Here’s something creative I haven’t seen many try (other than the home builders) to close the affordability gap.
The State of Rhode Island is using treasury deposits placed directly with local banks and credit unions to subsidize mortgage rates.
The end result is helping a first-time home buyer secure a 30-year fixed mortgage at below-market rates, starting as low as 3.99%.
In addition, there’s no private mortgage insurance (PMI) required on these loans either, regardless of down payment.
Collectively, it might be enough to get more homeowners in the door, despite ongoing affordability woes.
How RI AnchorHome Works: 3.99% Mortgage Rates and No PMI When You Buy Your First Home
While it kind of sounds like the temporary and permanent rate buydowns being offered by home builders, it operates quite a bit differently.

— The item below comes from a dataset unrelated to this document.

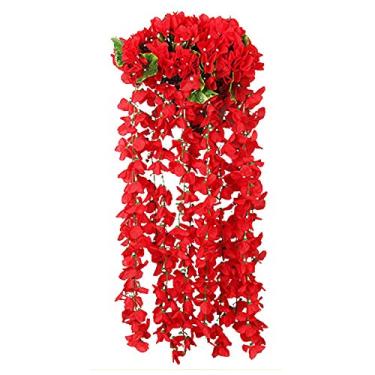 Imagem de Cesto de flores de glicínia violeta para pendurar na parede guirlanda artificial flores artificiais cestas de flores artificiais para flores artificiais externas (cor: Rojo, Tamanho: Talla Única)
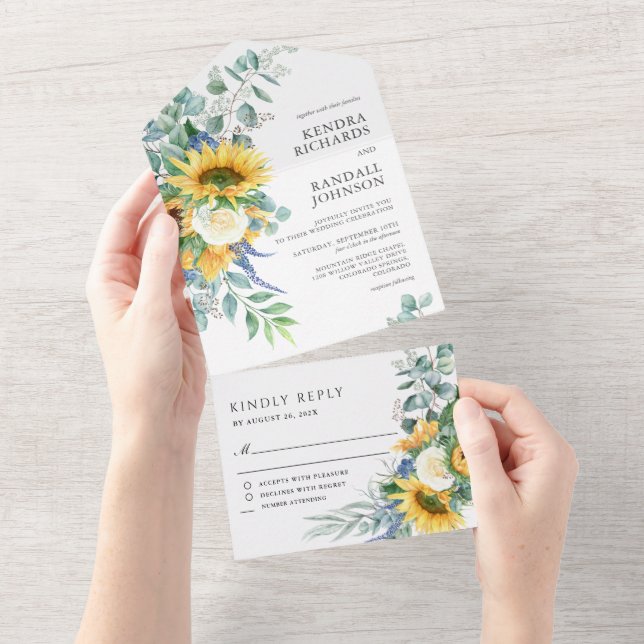 Rustic Boho Sunflowers and Roses Wedding All In One Invitation (Tearaway)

Instead of the state handing out grants or becoming the actual mortgage lender, they’re strategically depositing public funds in local depositories.
In turn, those participating banks are armed with more liquidity, giving them the ability to offer below-market mortgage rates to select applicants.
The program is known as “RI AnchorHome,” and is being facilitated by Treasurer James A. Diossa’s office.
How it works is fairly simply. A qualifying first-time home buyer gets approved for a mortgage through one of the participating lenders (such as Navigant Credit Union, Coastal 1, or Washington Trust).
Then the State of Rhode Island deposits matching funds into that same financial institution to offset the cost of offering a below-market interest rate with no PMI.
Those deposits provide the bank with a source of low-cost funding, and in return they can offer the buyer a special 30-year fixed rate as low as 3.99%, despite rates being around 6.50% currently.
Importantly, the home buyer still gets a traditional mortgage issued and serviced by the bank. And the state doesn’t take on any credit risk.
The program started as a pilot with $60 million in deposits and was recently expanded to $80 million after unanimous approval from the State Investment Commission.
The deposits are short-term, fully collateralized, and renewed annually, so the state keeps control of its cash while earning a modest return.
It’s a clever public-private partnership designed to make homeownership more attainable in a high-rate environment without the usual gimmicks.
This Looks to Be a Good Deal, But Check the Closing Costs!
Whenever I see deals like this, I tell people to look at the big picture. There is no free lunch, though in this case borrowers might actually win.
The state is essentially giving up some potential yield on its deposits to make these lower mortgage rates possible in order to better its state, with no real downside to the homeowner.
Sure, buyers still have to qualify under normal underwriting guidelines, complete mandatory first-time homebuyer counseling, and meet specific program rules.
Those include being a first-time buyer with no other property, buying a primary residence in Rhode Island, and having an income of no more than 110% of the statewide median.
Lastly, the maximum loan amount is $525,000 for a single-family home and $575,000 for a duplex.
But other than that, if you can snag the low advertised rate of 3.99% and there aren’t excessive closing costs, what’s not to like?
Oh, and if you put down less than 20% and can avoid PMI at the same time, it’s even sweeter.
After all, one might argue that the more money borrowed at 3.99%, the better.
The RI Treasurer’s office says the goal is to build generational wealth and strengthen local communities.
It’ll be interesting to see if other states start emulating this deposit-based model in the future.
Here in California, we’ve relied on other approaches, such as the “Dream For All Shared Appreciation Loan,” which requires zero down payment in exchange for a share of future equity.
While they’re all good initiatives on the surface, you do wonder if they mostly address the demand side as opposed to the supply side of the problem.